(Work instructions): Please transcribe the data below exactly. Leave the pictures out.

(Data shown):
┄┄┄┄┄┄┄┄┄┄┄┄┄┄┄┄┄┄┄┄

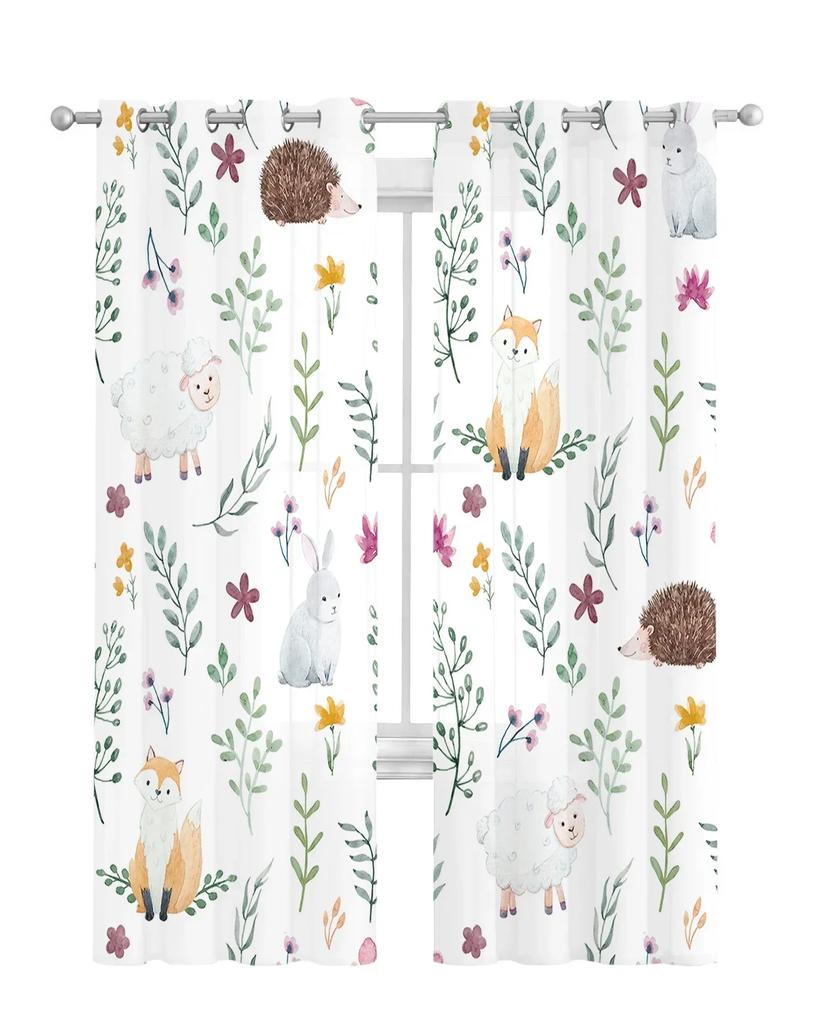 Cartoon Animal Hedgehog Fox Rabbit Green Leaf Tulle Sheer Window Curtains for Living Room Bedroom Voile Organza Curtains Drapes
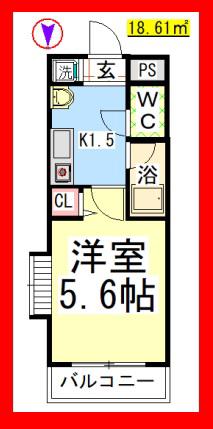 セリーヌ中央林間(1K/2階)の間取り写真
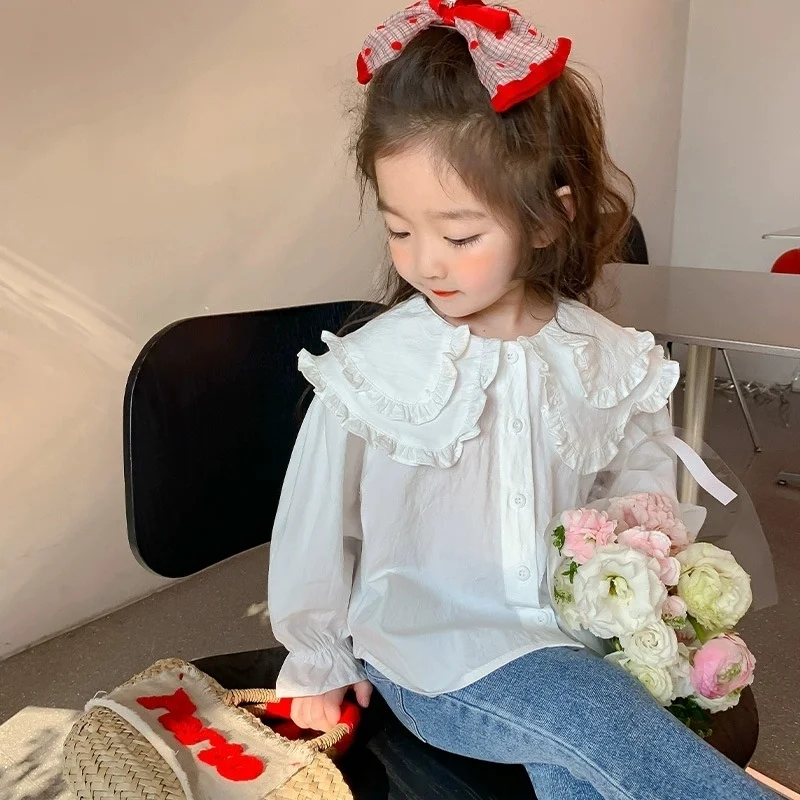 Girls' Spring Shirts in Stock 2026 New Top Children's Clothing Doll Collar Baby Clothing 2-8 Year Old Clothing Children's Gifts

┄┄┄┄┄┄┄┄┄┄┄┄┄┄┄┄┄┄┄┄

(Output of the exercise):
 Cartoon Animal Hedgehog Fox Rabbit Green Leaf Tulle Sheer Window Curtains for Living Room Bedroom Voile Organza Curtains Drapes
 セリーヌ中央林間(1K/2階)の間取り写真
 Girls' Spring Shirts in Stock 2026 New Top Children's Clothing Doll Collar Baby Clothing 2-8 Year Old Clothing Children's Gifts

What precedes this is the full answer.